-- Information given follows --

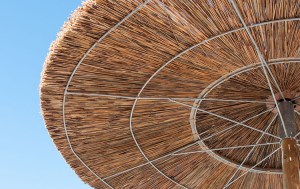 tz-321-EC-121121-121120-02_ecoshadow.gr ΟΜΠΡΕΛΑ THATCH B-ECONOMY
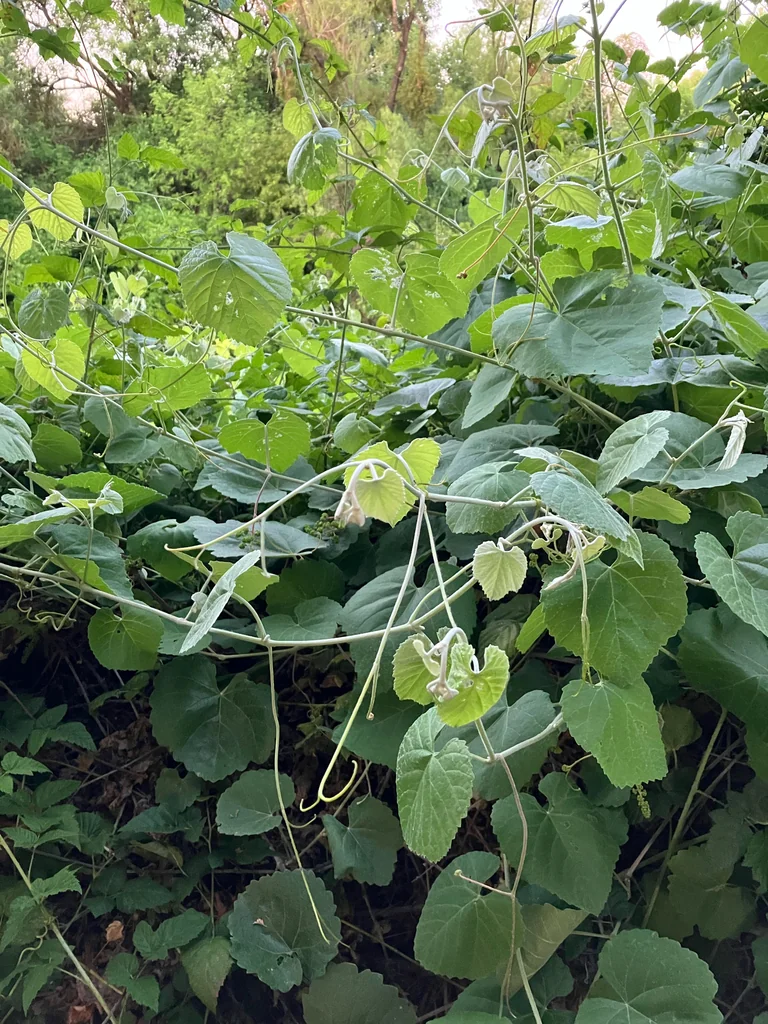 Vitis Californica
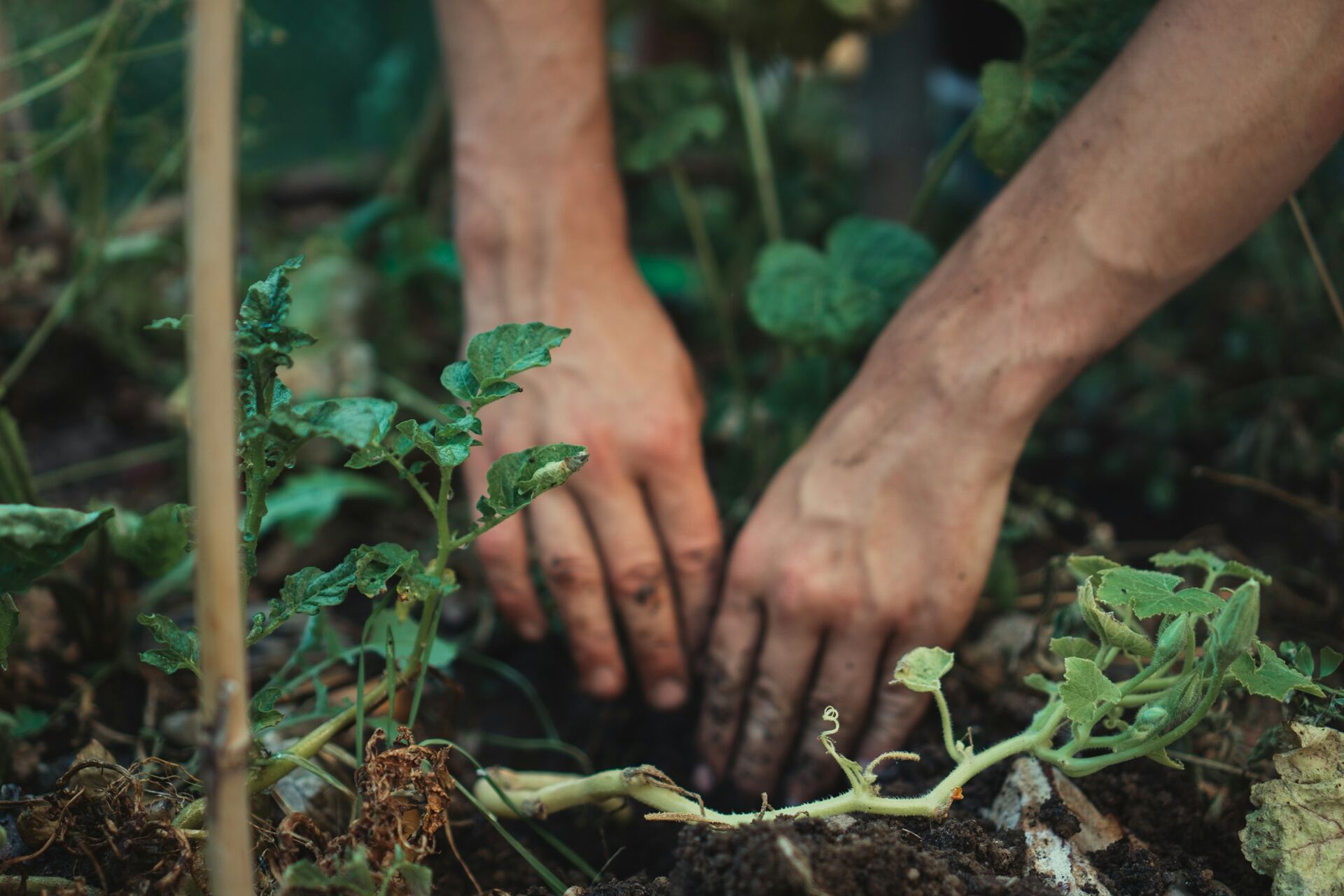 Cultivo agroecológico conduzido por produtores do Riacho Doce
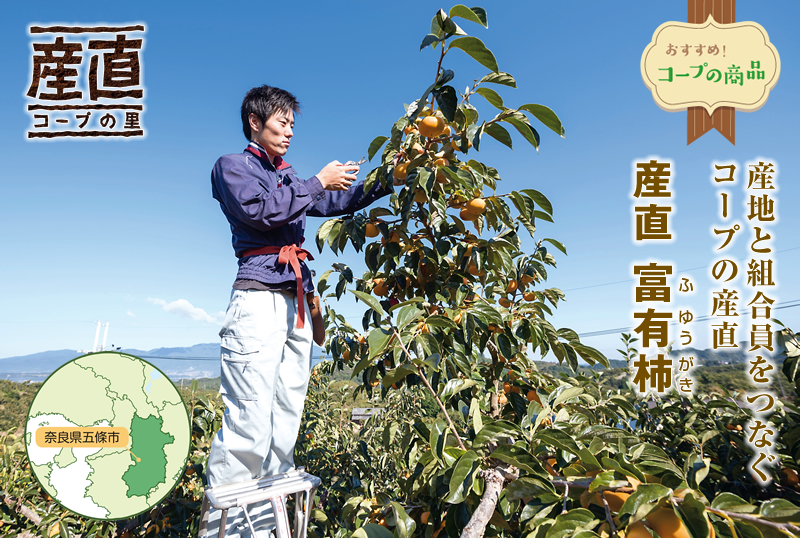 産地と組合員をつなぐコープの産直　産直　富有柿（ふゆうがき）　奈良県五條市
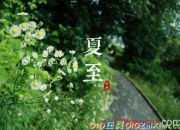 炎熱夏季清涼祝福語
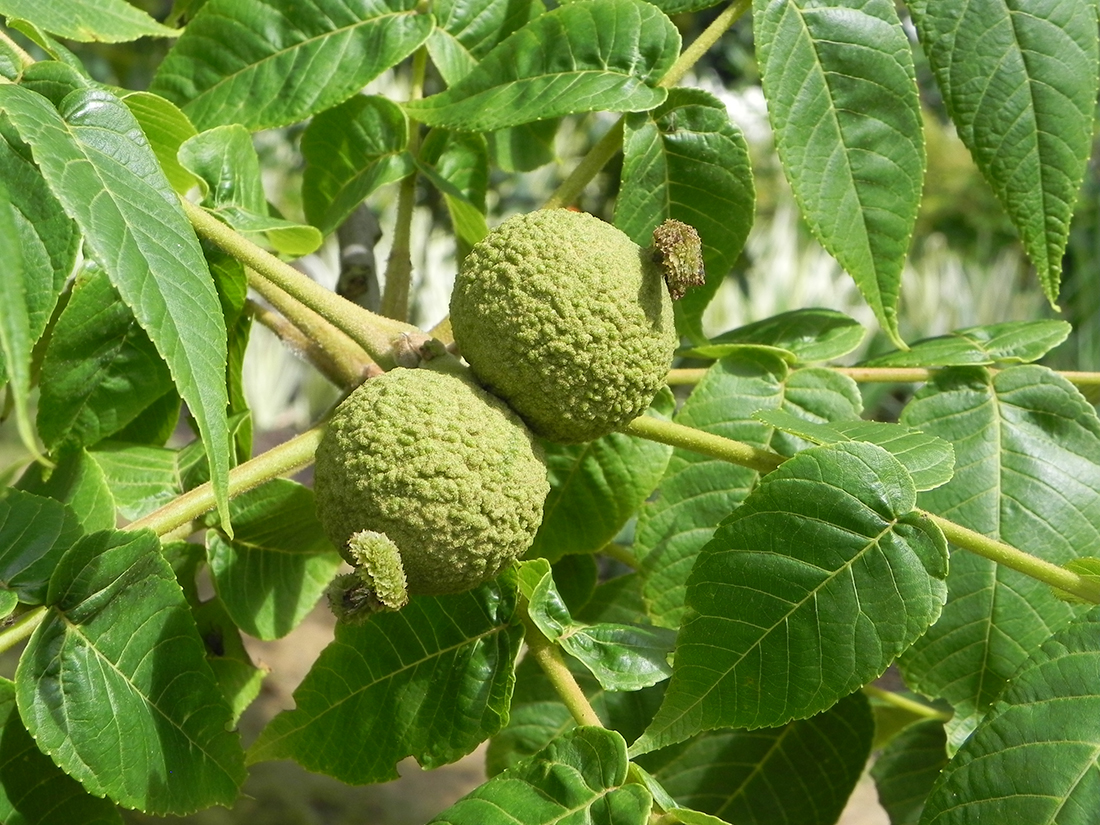 El Nogal Negro (juglans Nigra) Tintura Orgánica Hojas | Envío Gratis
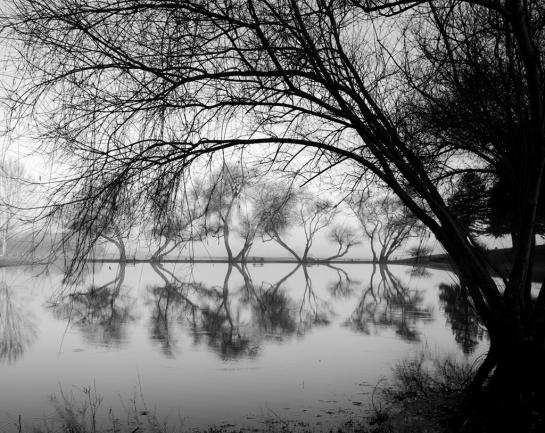 Tanaka_dianne_Petaluma-Picnic-BW-VIII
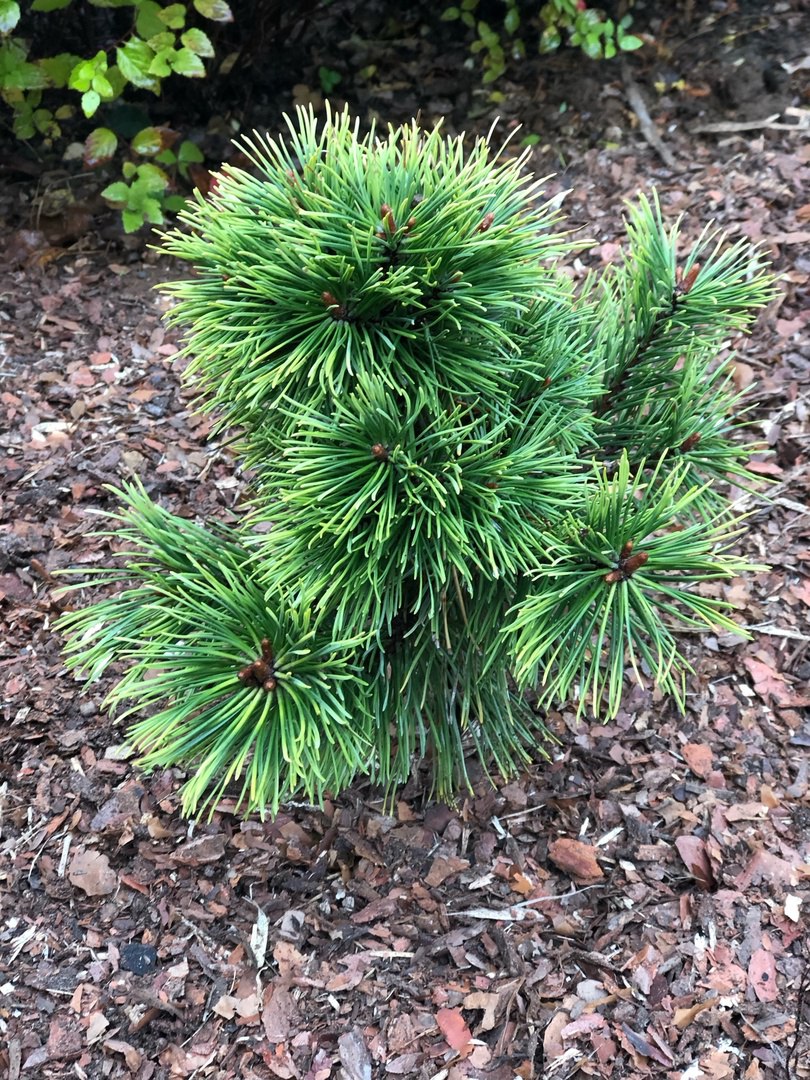Pinus mugo (uncinata) ‘Fred’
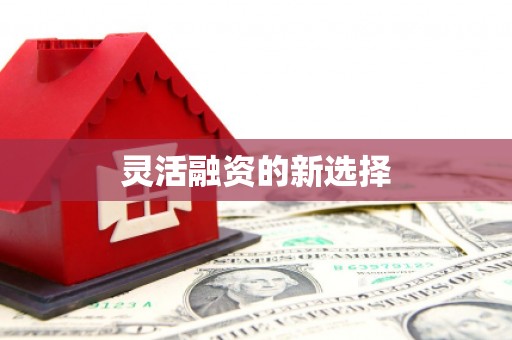 卓兰灵活融资的新选择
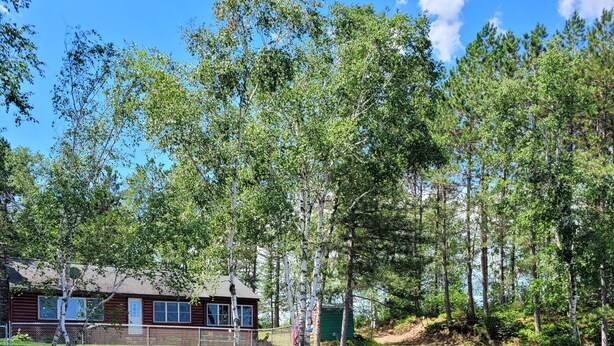 A cabin with a pond, surrounded by trees and a clear sky.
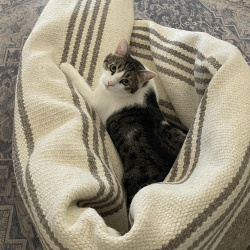 {petName}, a Brown, White Domestic Shorthair Cat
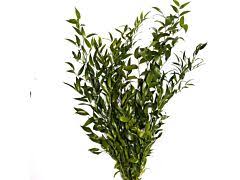 Check spelling or type a new query. Italian Ruscus Greenery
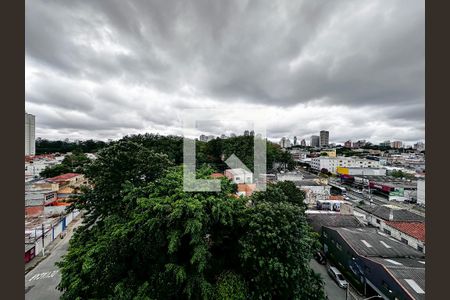 Vista  de apartamento para alugar com 1 quarto, 57m² em Vila Cruzeiro, São Paulo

-- Information given concluded --

# Work to complete
Word for word, restate all of the material above except its pictures.

# Solution
 tz-321-EC-121121-121120-02_ecoshadow.gr ΟΜΠΡΕΛΑ THATCH B-ECONOMY
 Vitis Californica
 Cultivo agroecológico conduzido por produtores do Riacho Doce
 産地と組合員をつなぐコープの産直　産直　富有柿（ふゆうがき）　奈良県五條市
 炎熱夏季清涼祝福語
 El Nogal Negro (juglans Nigra) Tintura Orgánica Hojas | Envío Gratis
 Tanaka_dianne_Petaluma-Picnic-BW-VIII
Pinus mugo (uncinata) ‘Fred’
 卓兰灵活融资的新选择
 A cabin with a pond, surrounded by trees and a clear sky.
 {petName}, a Brown, White Domestic Shorthair Cat
 Check spelling or type a new query. Italian Ruscus Greenery
 Vista  de apartamento para alugar com 1 quarto, 57m² em Vila Cruzeiro, São Paulo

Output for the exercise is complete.